Mr. Hawley’s book opens with an anecdote of a 2019 meeting with Mark Zuckerberg in which the senator says he challenged Facebook’s boss to break up his company. (Zuckerberg said no, not surprisingly.) “The tech barons have risen to power on the back of an ideology that blesses bigness — and concentrated power — in the economy and government,” Mr. Hawley writes.
And Ms. Klobuchar: “The sheer number of mergers and acquisitions, outsized monopoly power and grotesque exclusionary conduct in the Big Tech sector exemplifies what is going on with the power of BIG.”
Quite similar, no?
Mr. Hawley and Ms. Klobuchar are channeling a view among some economists and legal scholars that the accelerating concentration of many American industries is a root cause of many problems, including income inequality. In this view, if U.S. laws more effectively enforced competition, Americans would have better health care, cheaper cellphone bills and more control over what happens to our digital data.
Wow, they love Teddy Roosevelt. Both senators are nostalgic for when the former president challenged the big corporate barons of his day in railroads, oil, finance and other industries. (This view of history, but especially Mr. Hawley’s, is a little off base.)
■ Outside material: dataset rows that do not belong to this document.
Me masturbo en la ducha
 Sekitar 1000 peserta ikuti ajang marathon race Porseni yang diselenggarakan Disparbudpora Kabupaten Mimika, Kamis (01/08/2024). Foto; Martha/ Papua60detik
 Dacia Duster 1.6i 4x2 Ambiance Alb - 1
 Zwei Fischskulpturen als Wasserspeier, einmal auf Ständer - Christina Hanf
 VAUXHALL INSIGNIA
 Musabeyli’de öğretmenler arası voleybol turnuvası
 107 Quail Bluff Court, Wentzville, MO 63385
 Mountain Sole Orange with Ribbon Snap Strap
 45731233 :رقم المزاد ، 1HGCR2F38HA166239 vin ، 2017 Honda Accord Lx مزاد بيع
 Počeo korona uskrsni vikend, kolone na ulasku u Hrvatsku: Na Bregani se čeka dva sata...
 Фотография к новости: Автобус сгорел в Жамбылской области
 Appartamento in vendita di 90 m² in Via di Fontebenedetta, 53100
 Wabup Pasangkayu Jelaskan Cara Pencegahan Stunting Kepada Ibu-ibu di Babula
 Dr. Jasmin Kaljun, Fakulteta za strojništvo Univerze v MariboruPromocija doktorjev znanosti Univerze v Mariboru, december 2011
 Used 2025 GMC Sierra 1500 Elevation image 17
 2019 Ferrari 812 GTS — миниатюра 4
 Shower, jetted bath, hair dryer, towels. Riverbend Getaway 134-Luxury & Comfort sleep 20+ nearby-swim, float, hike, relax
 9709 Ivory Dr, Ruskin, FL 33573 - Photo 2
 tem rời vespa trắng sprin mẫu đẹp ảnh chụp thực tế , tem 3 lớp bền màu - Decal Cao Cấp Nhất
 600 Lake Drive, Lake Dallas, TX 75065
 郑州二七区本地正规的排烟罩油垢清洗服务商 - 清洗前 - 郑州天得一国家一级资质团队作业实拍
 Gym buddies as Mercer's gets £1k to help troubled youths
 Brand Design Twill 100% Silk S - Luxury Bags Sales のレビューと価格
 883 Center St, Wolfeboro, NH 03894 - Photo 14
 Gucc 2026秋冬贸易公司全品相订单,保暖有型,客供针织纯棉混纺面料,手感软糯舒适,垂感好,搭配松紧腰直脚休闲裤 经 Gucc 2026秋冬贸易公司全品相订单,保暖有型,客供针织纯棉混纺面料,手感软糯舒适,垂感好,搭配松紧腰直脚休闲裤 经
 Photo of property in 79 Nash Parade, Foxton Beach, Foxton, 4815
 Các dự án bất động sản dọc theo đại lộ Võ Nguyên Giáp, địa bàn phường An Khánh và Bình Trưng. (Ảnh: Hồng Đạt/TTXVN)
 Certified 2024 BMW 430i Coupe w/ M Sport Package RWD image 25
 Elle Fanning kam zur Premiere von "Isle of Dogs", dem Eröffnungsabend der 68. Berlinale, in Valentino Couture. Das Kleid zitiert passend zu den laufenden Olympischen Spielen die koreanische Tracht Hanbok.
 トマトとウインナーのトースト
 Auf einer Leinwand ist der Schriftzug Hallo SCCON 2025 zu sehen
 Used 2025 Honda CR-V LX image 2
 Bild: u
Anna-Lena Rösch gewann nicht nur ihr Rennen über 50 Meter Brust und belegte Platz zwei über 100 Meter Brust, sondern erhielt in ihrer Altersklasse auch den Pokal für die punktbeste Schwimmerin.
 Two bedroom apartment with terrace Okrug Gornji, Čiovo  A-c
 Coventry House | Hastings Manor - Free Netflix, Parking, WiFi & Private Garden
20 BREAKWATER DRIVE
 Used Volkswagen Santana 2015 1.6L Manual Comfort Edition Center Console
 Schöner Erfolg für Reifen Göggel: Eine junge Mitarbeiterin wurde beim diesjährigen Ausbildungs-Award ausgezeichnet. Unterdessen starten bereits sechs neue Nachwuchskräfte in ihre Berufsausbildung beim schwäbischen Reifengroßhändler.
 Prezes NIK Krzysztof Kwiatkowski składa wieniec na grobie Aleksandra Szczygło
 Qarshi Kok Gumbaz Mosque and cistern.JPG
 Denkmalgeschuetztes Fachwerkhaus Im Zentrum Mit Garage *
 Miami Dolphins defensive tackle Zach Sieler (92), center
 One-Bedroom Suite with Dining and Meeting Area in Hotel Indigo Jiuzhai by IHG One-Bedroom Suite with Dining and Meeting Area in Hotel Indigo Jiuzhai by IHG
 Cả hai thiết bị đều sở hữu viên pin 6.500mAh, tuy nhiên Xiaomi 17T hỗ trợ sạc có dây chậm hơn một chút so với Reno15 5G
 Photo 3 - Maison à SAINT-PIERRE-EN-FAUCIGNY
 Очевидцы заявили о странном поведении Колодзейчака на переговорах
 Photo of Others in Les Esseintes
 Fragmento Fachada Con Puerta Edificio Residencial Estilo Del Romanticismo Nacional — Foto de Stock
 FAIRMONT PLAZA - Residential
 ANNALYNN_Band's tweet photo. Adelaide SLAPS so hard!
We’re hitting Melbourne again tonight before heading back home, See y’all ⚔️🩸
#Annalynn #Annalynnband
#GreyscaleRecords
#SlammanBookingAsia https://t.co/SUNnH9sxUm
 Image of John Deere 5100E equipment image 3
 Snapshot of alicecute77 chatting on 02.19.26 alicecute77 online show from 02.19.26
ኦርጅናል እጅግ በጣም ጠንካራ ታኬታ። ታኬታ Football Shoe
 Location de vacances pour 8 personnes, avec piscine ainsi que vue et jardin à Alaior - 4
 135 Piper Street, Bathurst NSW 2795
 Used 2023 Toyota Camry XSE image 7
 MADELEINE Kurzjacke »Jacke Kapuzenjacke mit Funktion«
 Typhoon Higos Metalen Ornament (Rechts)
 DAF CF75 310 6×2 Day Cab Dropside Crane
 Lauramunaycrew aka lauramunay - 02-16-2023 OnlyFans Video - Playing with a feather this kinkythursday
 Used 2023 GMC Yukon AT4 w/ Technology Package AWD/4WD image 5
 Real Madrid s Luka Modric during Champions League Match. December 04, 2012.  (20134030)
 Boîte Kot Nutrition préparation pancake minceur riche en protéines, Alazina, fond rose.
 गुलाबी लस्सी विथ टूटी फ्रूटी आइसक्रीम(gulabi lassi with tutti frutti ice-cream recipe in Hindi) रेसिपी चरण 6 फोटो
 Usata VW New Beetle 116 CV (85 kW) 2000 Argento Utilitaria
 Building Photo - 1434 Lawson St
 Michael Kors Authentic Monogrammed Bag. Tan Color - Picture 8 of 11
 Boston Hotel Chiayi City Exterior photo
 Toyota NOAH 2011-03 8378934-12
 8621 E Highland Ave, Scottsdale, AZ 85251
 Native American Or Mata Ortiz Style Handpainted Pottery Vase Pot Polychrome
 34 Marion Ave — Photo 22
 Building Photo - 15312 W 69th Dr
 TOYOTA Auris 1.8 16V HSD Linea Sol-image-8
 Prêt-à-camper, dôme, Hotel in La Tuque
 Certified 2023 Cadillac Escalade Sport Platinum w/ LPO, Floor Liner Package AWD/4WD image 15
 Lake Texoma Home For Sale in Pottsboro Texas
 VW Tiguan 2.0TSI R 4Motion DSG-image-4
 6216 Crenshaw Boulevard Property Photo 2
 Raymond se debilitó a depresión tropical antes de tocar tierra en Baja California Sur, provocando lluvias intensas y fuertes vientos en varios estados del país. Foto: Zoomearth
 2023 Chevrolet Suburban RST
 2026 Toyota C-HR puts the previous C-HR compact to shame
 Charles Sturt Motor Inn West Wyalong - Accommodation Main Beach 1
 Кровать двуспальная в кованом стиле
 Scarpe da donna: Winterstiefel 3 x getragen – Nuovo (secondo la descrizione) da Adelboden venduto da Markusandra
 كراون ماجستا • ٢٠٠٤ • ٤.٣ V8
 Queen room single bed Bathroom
The point of the hero worship is to say that U.S. law and the American public throughout history have fought back against companies they felt were getting too powerful. The senators want to bring back that spirit of both citizen and government rebellion against corporate “bigness.” This is also a point that the law professor and antimonopoly advocate Zephyr Teachout made effectively in her book on corporate monopolies last year. (Yes, there are a lot of books about antitrust.)